Enfin, l’exploitation des colonies s’est révélée être un « tonneau des Danaïdes » (titre du chapitre 7, p. 117). Ce fut donc un drame pour l’État colonial comme pour les colonisés. Personne n’y a trouvé avantage. Lefeuvre fournit ainsi des arguments de poids à ceux qu’il veut exécuter : si l’on suit son raisonnement, en effet, les gouvernants et les homme d’affaires français n’étant pas tous des imbéciles, on peut quand même se poser quelques questions sur le bien-fondé d’une aventure coloniale si continuement et si profondément catastrophique, et se demander innocemment dans ces conditions s’il n’y aurait pas quelque repentance à avoir d’avoir si gravement fauté pendant si longtemps ? À quoi bon défendre une entreprise à ce point condamnée ? Je me moque, évidemment, mais c’est pour mieux montrer la faiblesse du raisonnement strictement quantitatif présenté comme infaillible...
Omission plus grave : à trois reprises, il qualifie improprement les Algériens de « Français » (p. 150, 152 et 197). Or sous la colonisation ils étaient indifféremment « Arabes » ou « Musulmans » (la dénomination d’Algériens étant alors réservée aux Français d’Algérie). Certes, il utilise à deux reprises des expressions plus conformes à la réalité en les qualifiant de « partie intégrante de la main d’oeuvre nationale » (p. 150) et en précisant que sur « le marché français du travail » ils jouissaient de l’ « égalité des droits » : du travail, s’entend, et ce exclusivement en France. L’honnêteté historique exigeait qu’il rappelât en revanche que les « Musulmans », certes, vivaient dans trois départements français, mais qu’ils n’y étaient pas français : c’est précisément en Algérie que fut d’abord adopté en 1894 (avant d’être généralisé ailleurs) le régime dit de l’ « Indigénat ». Les droits du citoyen français ne furent même pas accordés à une poignée d’évolués, malgré les efforts du député Viollette, pourtant cité, dont la proposition de loi en ce sens (dite loi Blum-Viollette) contribua à faire tomber le gouvernement du Front populaire. Enfin, la constitution de 1946 ne parlait que de citoyenneté impériale, et la citoyenneté française stipulée par la loi Lamine Gueye (1946) ne fut pas appliquée en droit politique. D’où l’inexactitude (le mot est faible) d’affirmer sans nuance et sans date que les Algériens étaient français ? Tout au plus furent-ils étiquetés sur le tard « Français Musulmans » -, au lieu de reconnaître une lapalissade : il n’y aurait pas eu d’ « Indigènes de la République »... s’il n’y avait pas eu l’Indigénat ; que celui-ci fût en principe supprimé après la seconde guerre mondiale ne l’a pas rayé des mémoires.

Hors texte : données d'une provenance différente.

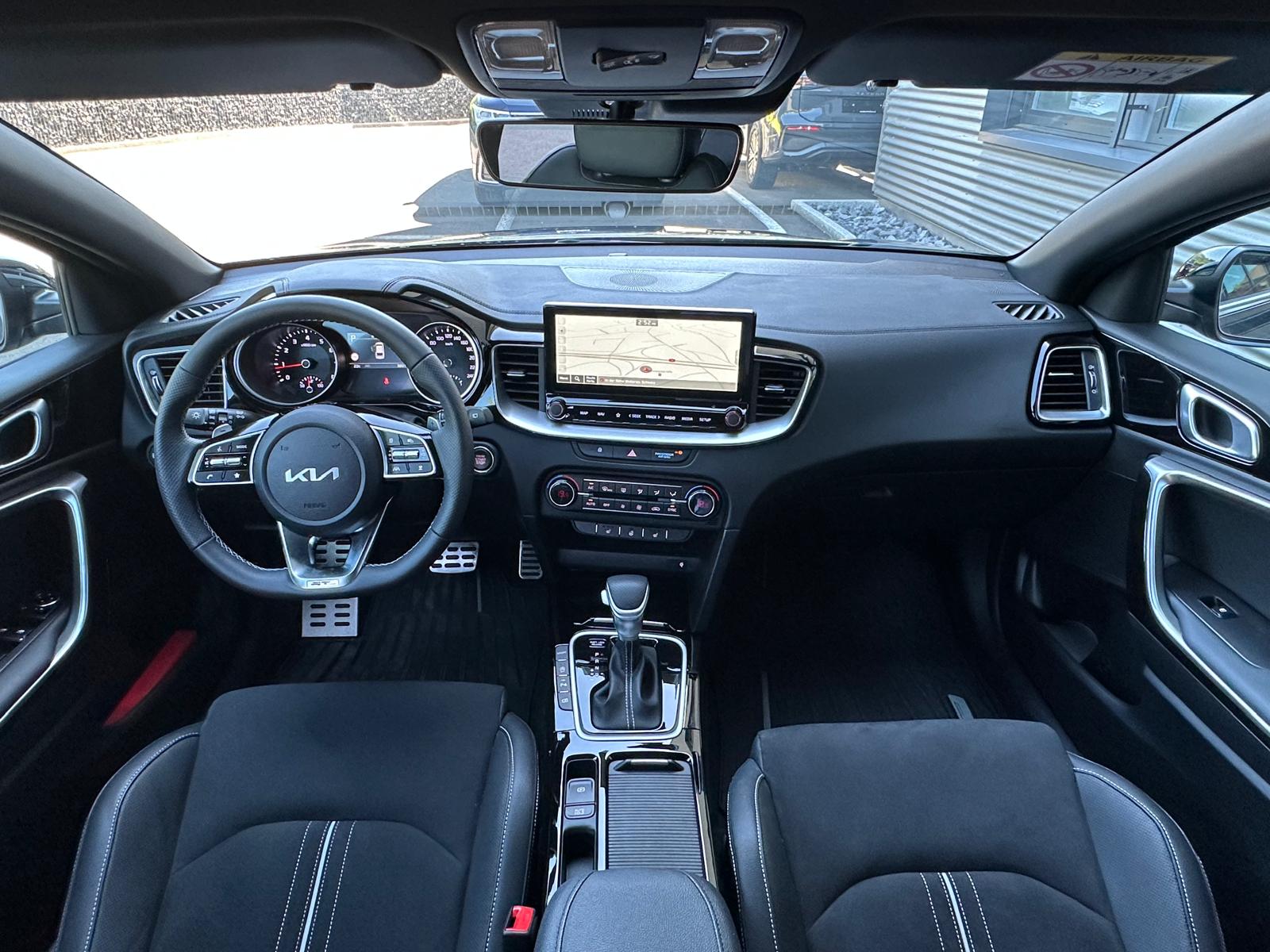 KIA ProCeed 1.5 T-GDi MHEV GT-Line DCT-image-12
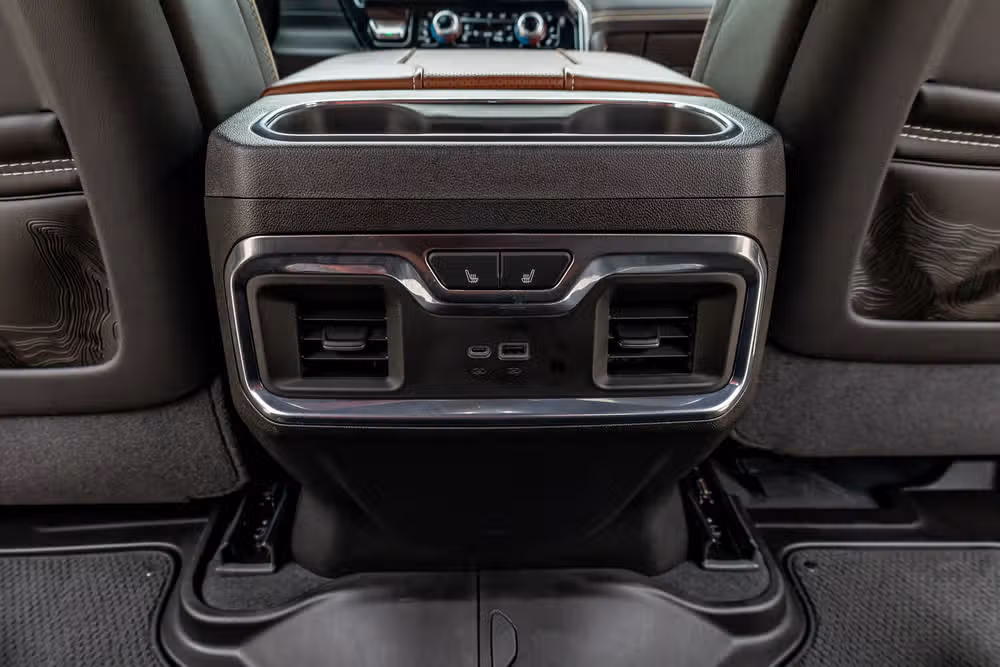 2026 GMC Sierra 1500 Denali Ultimate Crew Cab Image 32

Daniel Lefeuvre a beau jeu de reprocher à ses « adversaires » de tronquer les citations, je le cite : « deux citations isolées de leur contexte et tout est dit » (p. 221). Or il fait exactement pareil, ce qui est, je lui accorde volontiers, de la malhonnêteté intellectuelle. Ainsi m’épingle-t-il parce que j’ai écrit :
« C’est entre les deux guerres que le Maghreb allait à son tour remplir les caisses de l’État, et surtout des colons et des industriels intéressés, grâce aux vins et au blé d’Algérie, et aux phosphates du Maroc ». Il a pris soin de taire la phrase suivante : « Mais, comme l’a montré Jacques Marseille, ce soutien fut de bout en bout un leurre. Car, comme on l’a suggéré plus haut, l’économie coloniale, toujours prônée par les gouvernements successifs, eut pour effet majeur de protéger l’économie française de façon malthusienne. »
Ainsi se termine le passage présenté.